**Records for the exercise**
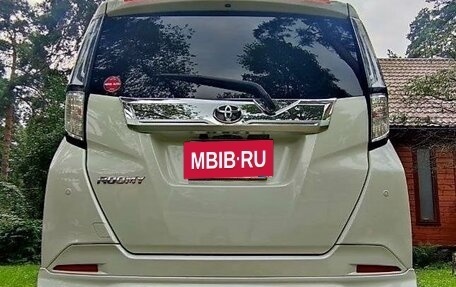 Toyota Roomy I, 2021 год, 1 750 000 рублей, 19 фотография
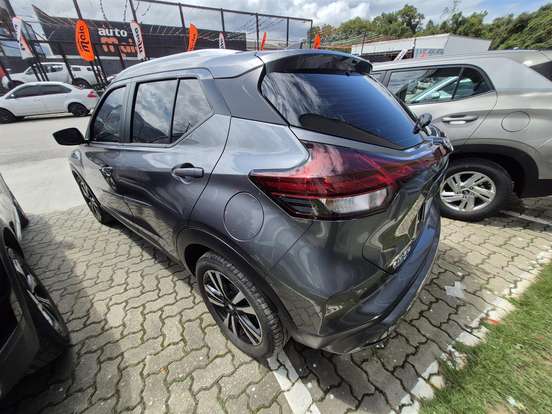 NISSAN-KICKS PLAY-1.6 16V FLEXSTART ADVANCE PLUS XTRONIC NISSAN-KICKS PLAY-2025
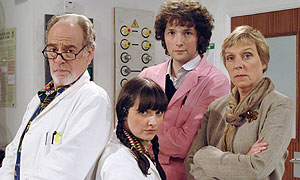 Lab Rats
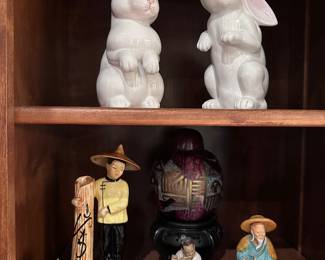 Fitz & Floyd - Mud Men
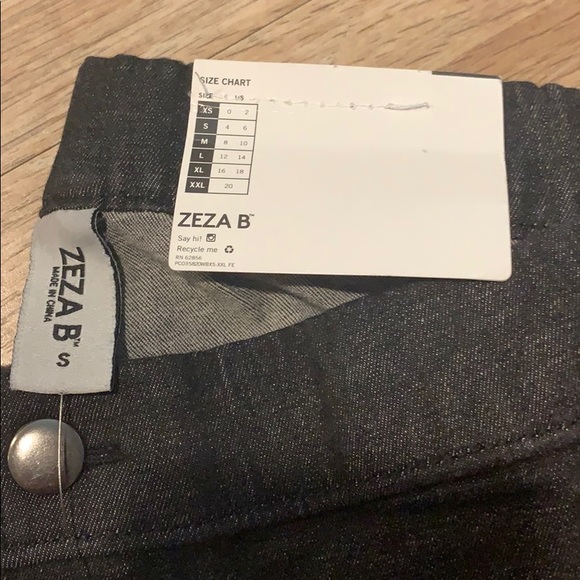 Zeza B hi-low leggings - Picture 2 of 5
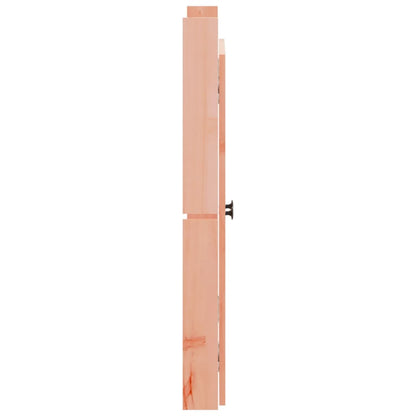 vidaXL Portes de cuisine d'extérieur 2 pcs bois massif douglas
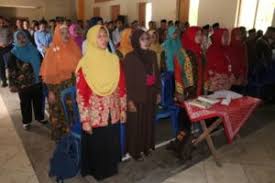 Pelantikan dan Serah Terima Jabatan Ketua Tim Penggerak PKK Desa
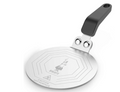 Bialetti Inductieplaatje 13cm voor koffiekan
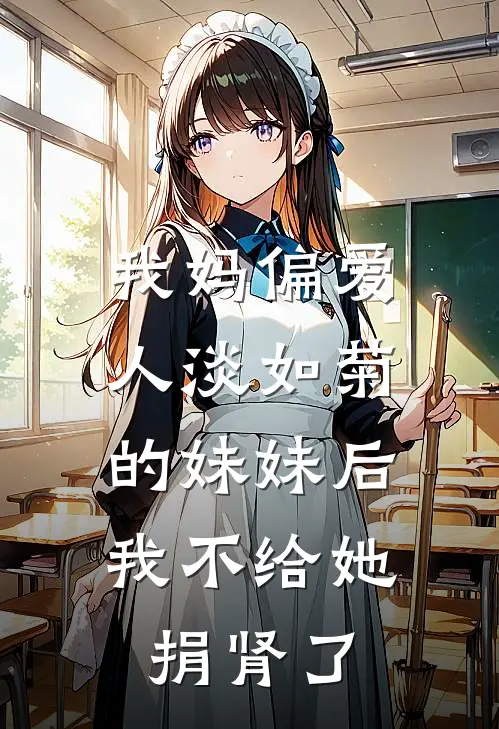我妈偏爱人淡如菊的妹妹后，我不给她捐肾了
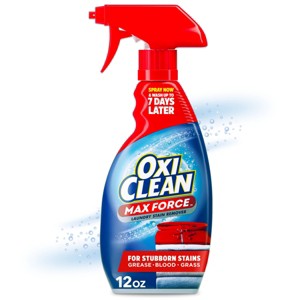 OxiClean MaxForce Laundry Stain Remover Spray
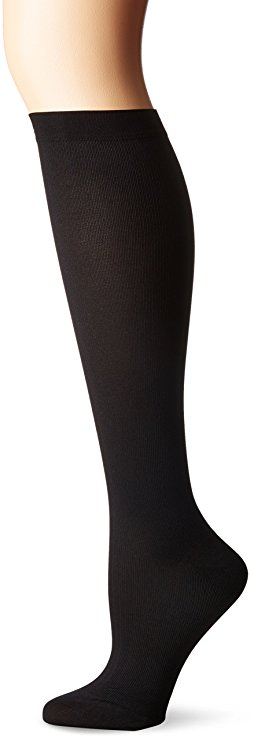 Dr. Scholl's Women's Light Compression Knee Hi Sock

**What you should do**
Your copy should hold exactly and only the lines from the one containing "OxiClean MaxForce Laundry" through the end of the material, inclusive, repeated word for word and without pictures.

**Exercise result**
 OxiClean MaxForce Laundry Stain Remover Spray
 Dr. Scholl's Women's Light Compression Knee Hi Sock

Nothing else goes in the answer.